“Quase doido”, presidente do Flu responde pingue-pongue sobre tetra brasileiro
A tosse atrapalha. A dor de garganta também. Mas é a mudança de rotina que realmente incomoda. “Minha vida ficou uma bagunça. É muita gente pedindo coisa. É sócio, imprensa, outras pessoas. Estou tendo que que me acostumar”, desabafa o presidente do Fluminense, Peter Siemsen, ao blogueiro. Um desabafo, ainda assim, bem-humorado, acompanhado do sorriso de alguém que acabou de se sagrar campeão brasileiro.
Peter se recorda da vitória nas últimas eleições, em uma situação que, ele admite, até hoje o surpreende. “Vencemos na terça-feira e, no domingo seguinte, o time ganhou o título nacional”. Desde o fim de 2010, o cartola se viu obrigado a abandonar a arquibancada pelo camarote nos jogos do Flu. É segundo ele o seu maior castigo nessa nova vida. Um torcedor apaixonado, como ele mesmo se define, o presidente tricolor concordou em responder a um pingue-pongue sobre o tetracampeonato.
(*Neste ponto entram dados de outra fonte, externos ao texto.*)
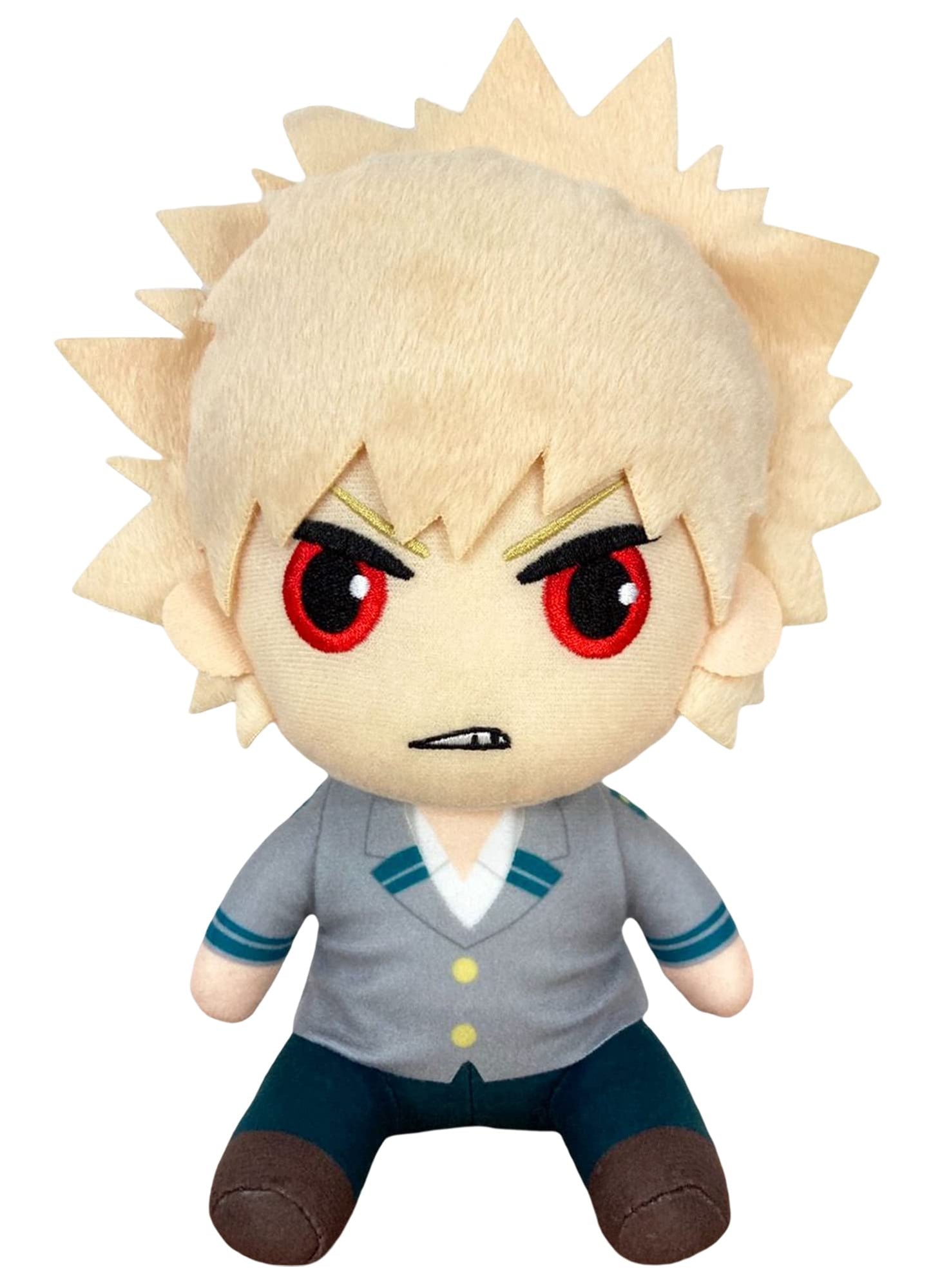 Great Eastern Entertainment My Hero Academia S2 - Bakugo Seifuku Sitting Plush 7" H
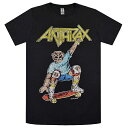 ANTHRAX AXbNX Spreading Skater Notman Vintage TVc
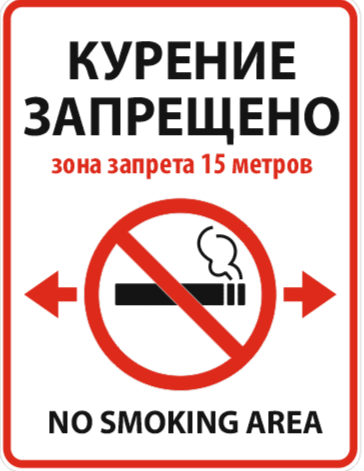 Знак запрещающий курение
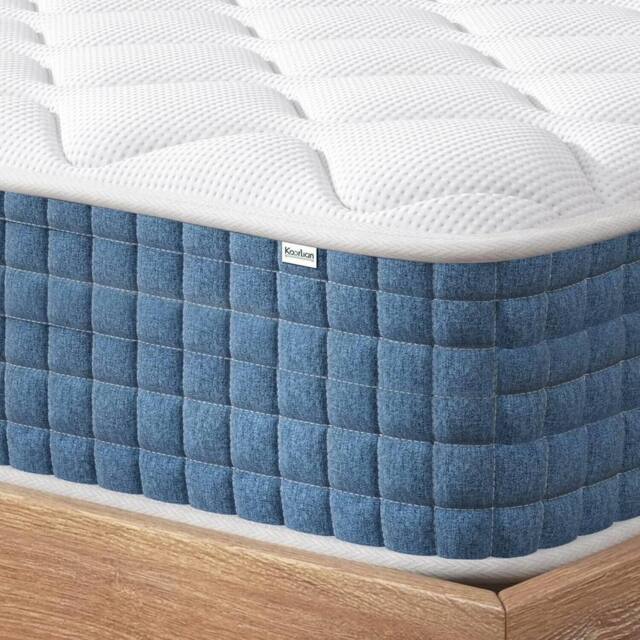 FORGEVIO King (150x200x25cm) LUXURY ORTHOPAEDIC MATTRESS in Blue - Size: Cot - image 1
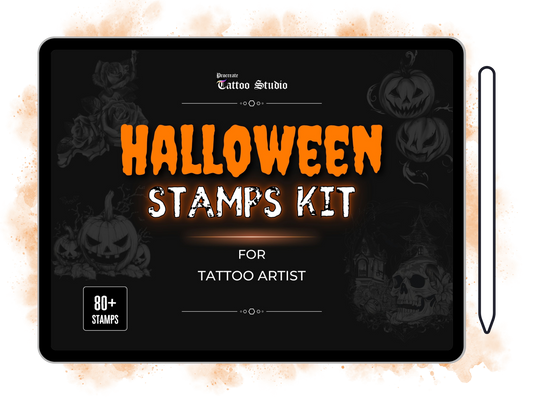 80x HALLOWEEN STAMPS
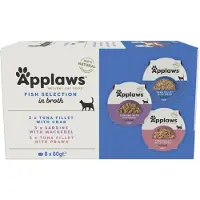 Applaws Kot tacka 60 g x 8 multipack rybny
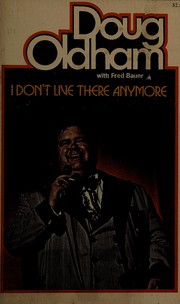 Front cover of I don't live there anymore by Doug Oldham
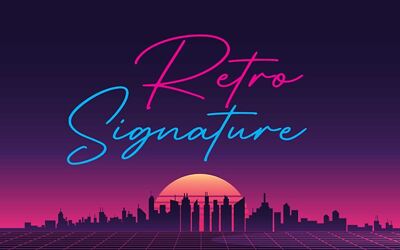 Retro Signature Font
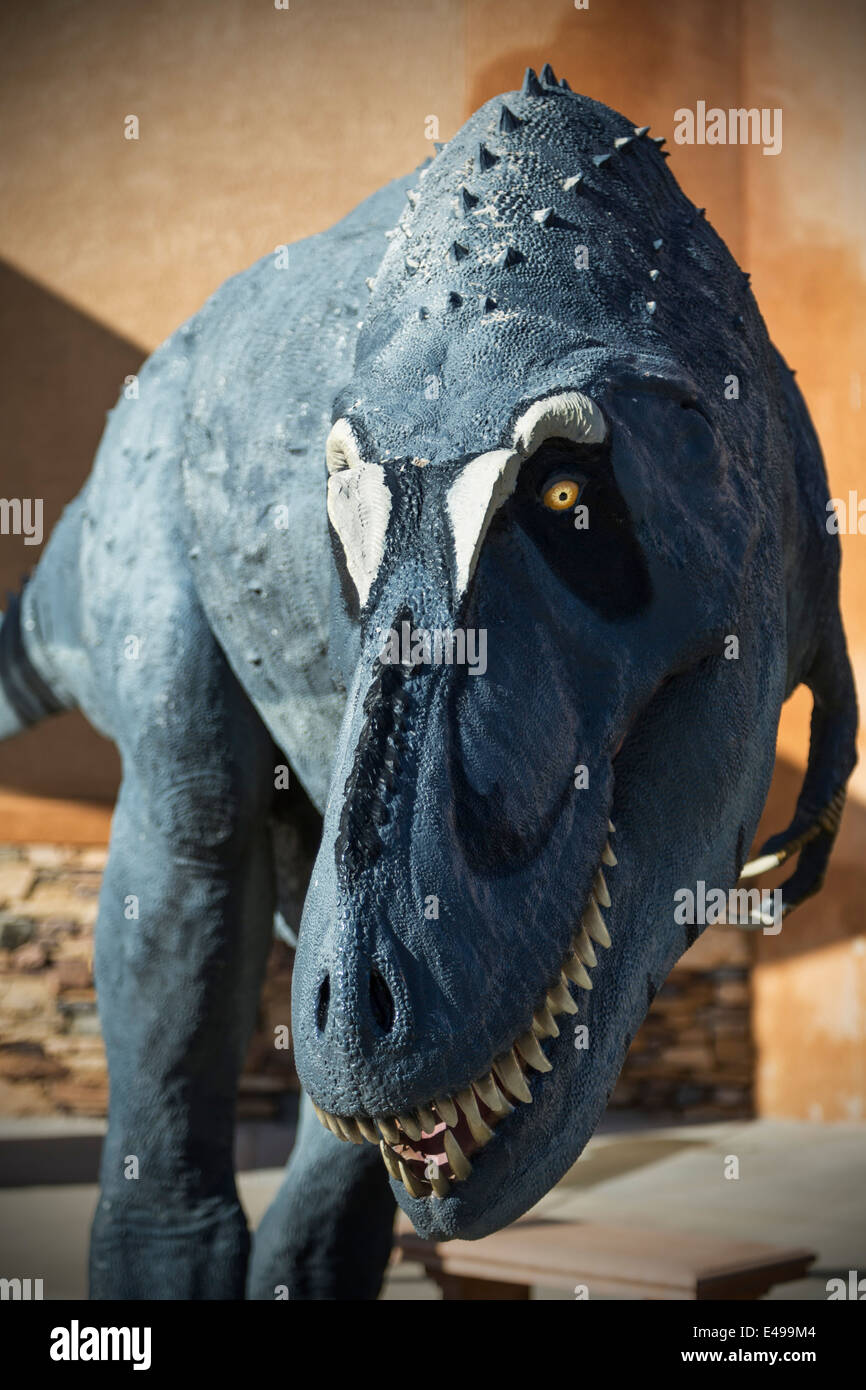 Daspletosaurus ("spaventosa Lizard'), Dinosaur Resource Center, Woodland Park, COLORADO, Stati Uniti d'America Foto Stock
Confira abaixo.
Fluminense – “Um momento espetacular na minha vida. Um sonho que estou realizando”
Título brasileiro – “Um momento marcante no período de reconstrução”
Libertadores – “Um dos dos objetivos para o ano que vem”
Peter Siemsen – “Um tricolor apaixonado, quase doido”
Rodrigo Caetano – “Grande comandante”
Celso Barros – “Ídolo”
Unimed – “Parceira fantástica”
Xérem – “Nosso futuro”
Fred – “A imagem do Fluminense”
Deco – “A referência”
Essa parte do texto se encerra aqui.